(Image-caption web data)
* * *

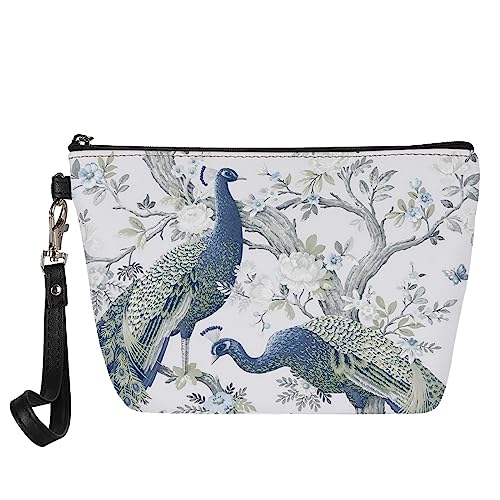 Kuiaobaty Frauen Leder Make-up Tasche Organizer Mädchen Reise Tragbare Kulturbeutel Waschtasche Damen Kosmetiktasche für Geldbörse, Pfau Floral, Taschen-Organizer von Kuiaobaty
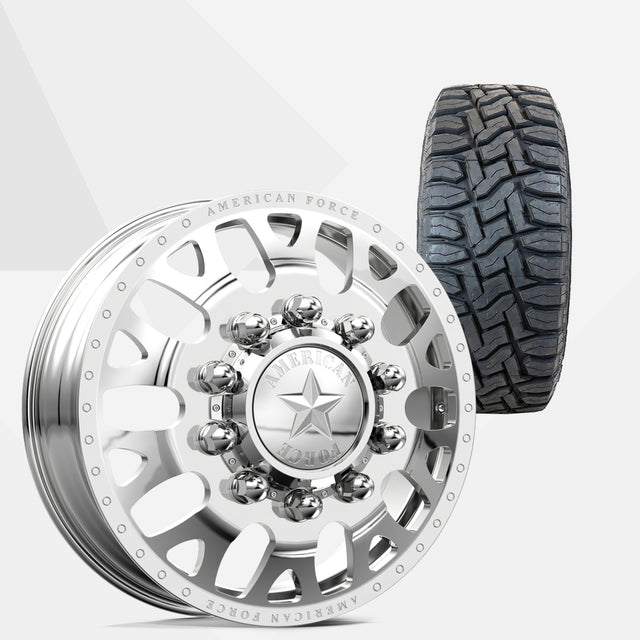 American Force Pulse Polished 22x8.25 Wheels & Toyo Tires Open Country R/T 37x12.50R22 Tires - 22" Dually Package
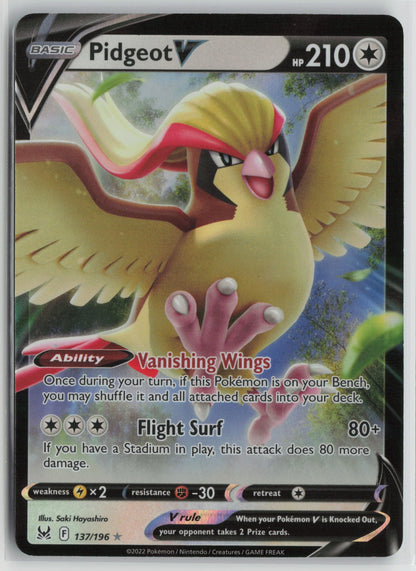 Pidgeot V Ultra Rare Holo SWSH11 137/196 NM
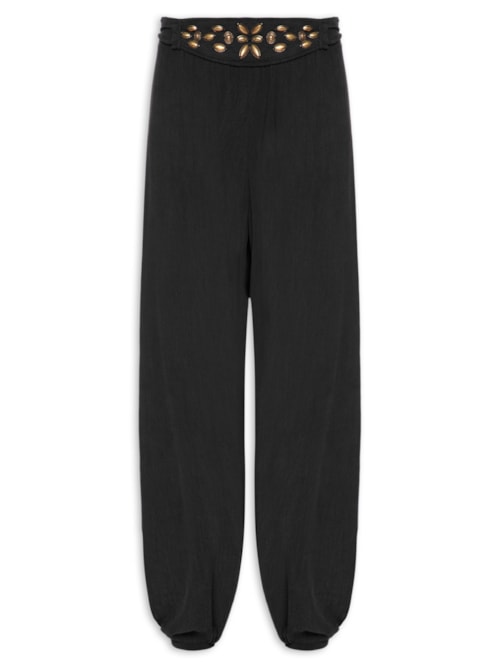 Calça Feminina Balonê Cinto Tachas - Preto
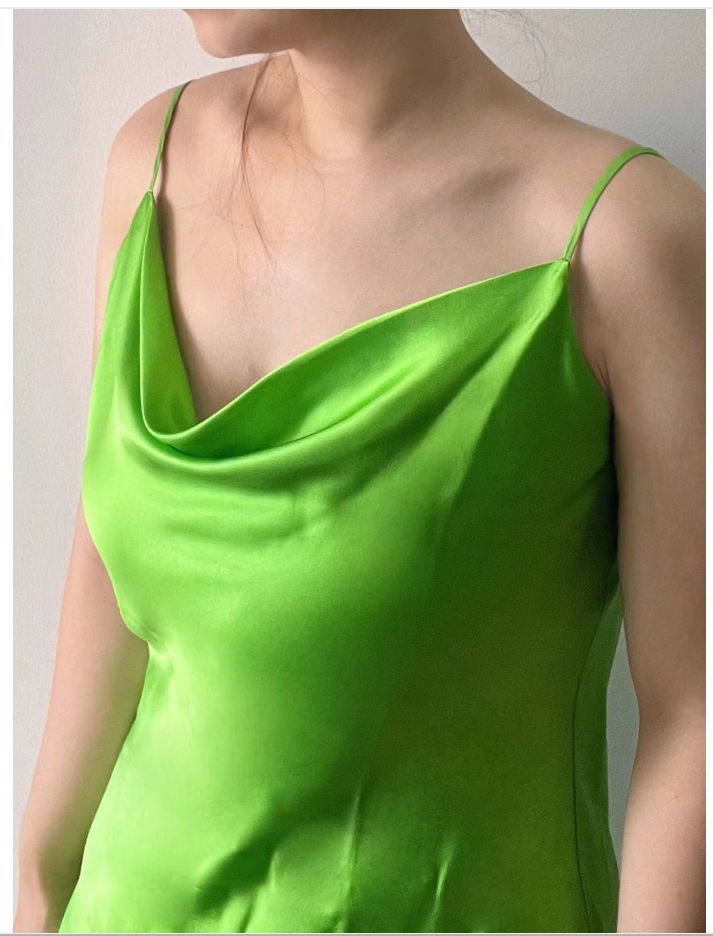 Customer photo review of SILKINC Crystal Bias Cut Cowl Neck Long Slip Dress (Spirit slip)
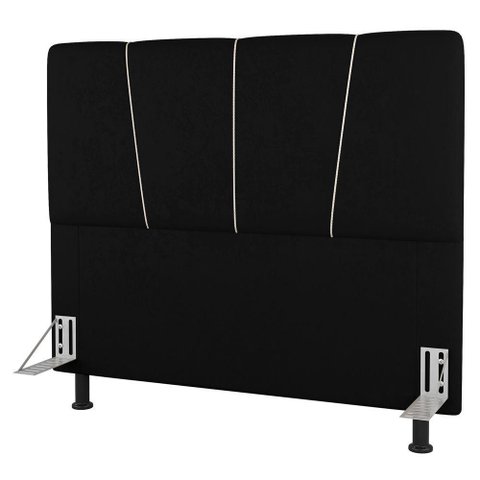 Cabeceira Cama Box Casal Queen Size Amber 160cm Estofada Suede Preto - Abmaza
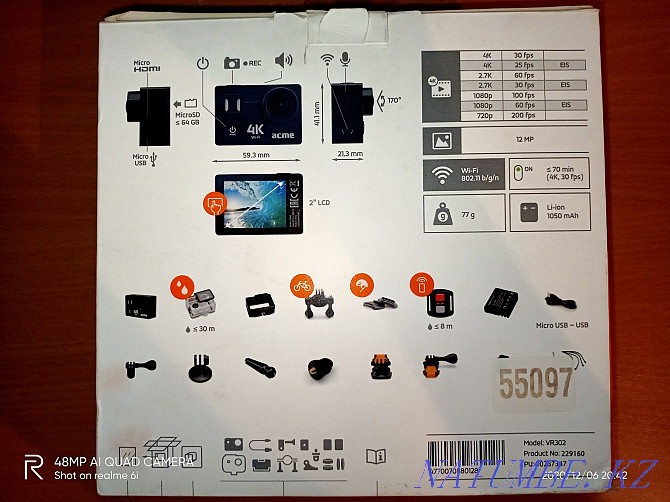 Экшн камерасы ACME VR302 4K Спорт & AMP; әрекет камерасы қара  Петропавл - изображение 7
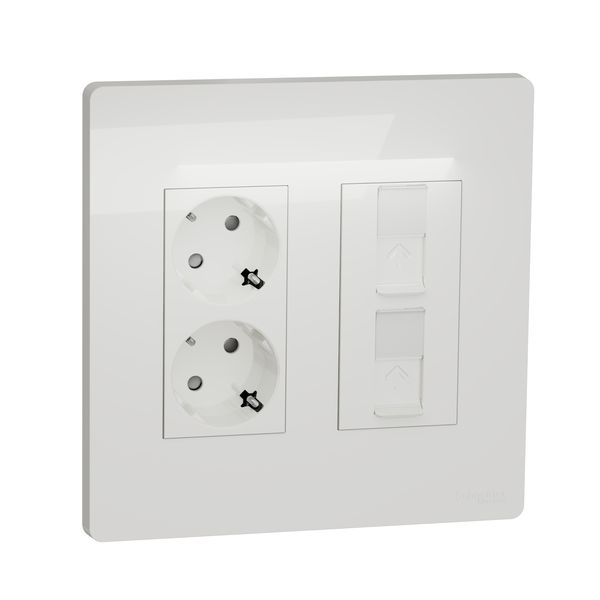 SCHNEIDER ELECTRIC NEW UNICA ПАНЕЛ 2 КОЛОНИ (2 КОНТ. + 2 RJ), БЯЛ
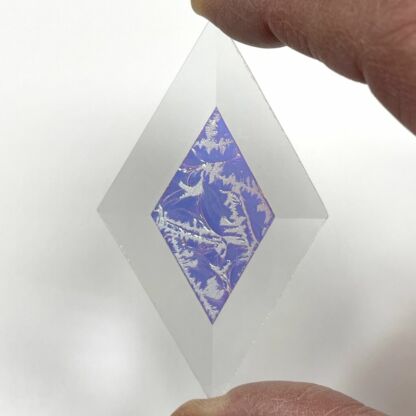 A Dichroic Diamond Bevel Glass 1 3/4" x 3" Glue Chip DP180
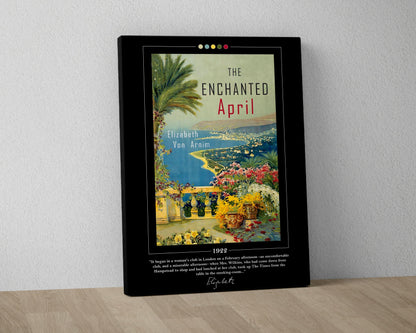 The Enchanted April Book Cover Poster | Elizabeth von Arnim, The Enchanted April Poster, Book Posters, Canvas Wall Art, Book Lover Gift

* * *

* Your assignment
Restate every line above exactly, omitting images.

* Expected answer
 Kuiaobaty Frauen Leder Make-up Tasche Organizer Mädchen Reise Tragbare Kulturbeutel Waschtasche Damen Kosmetiktasche für Geldbörse, Pfau Floral, Taschen-Organizer von Kuiaobaty
 American Force Pulse Polished 22x8.25 Wheels & Toyo Tires Open Country R/T 37x12.50R22 Tires - 22" Dually Package
 Pidgeot V Ultra Rare Holo SWSH11 137/196 NM
 Calça Feminina Balonê Cinto Tachas - Preto
 Customer photo review of SILKINC Crystal Bias Cut Cowl Neck Long Slip Dress (Spirit slip)
 Cabeceira Cama Box Casal Queen Size Amber 160cm Estofada Suede Preto - Abmaza
 Экшн камерасы ACME VR302 4K Спорт & AMP; әрекет камерасы қара  Петропавл - изображение 7
 SCHNEIDER ELECTRIC NEW UNICA ПАНЕЛ 2 КОЛОНИ (2 КОНТ. + 2 RJ), БЯЛ
 A Dichroic Diamond Bevel Glass 1 3/4" x 3" Glue Chip DP180
 The Enchanted April Book Cover Poster | Elizabeth von Arnim, The Enchanted April Poster, Book Posters, Canvas Wall Art, Book Lover Gift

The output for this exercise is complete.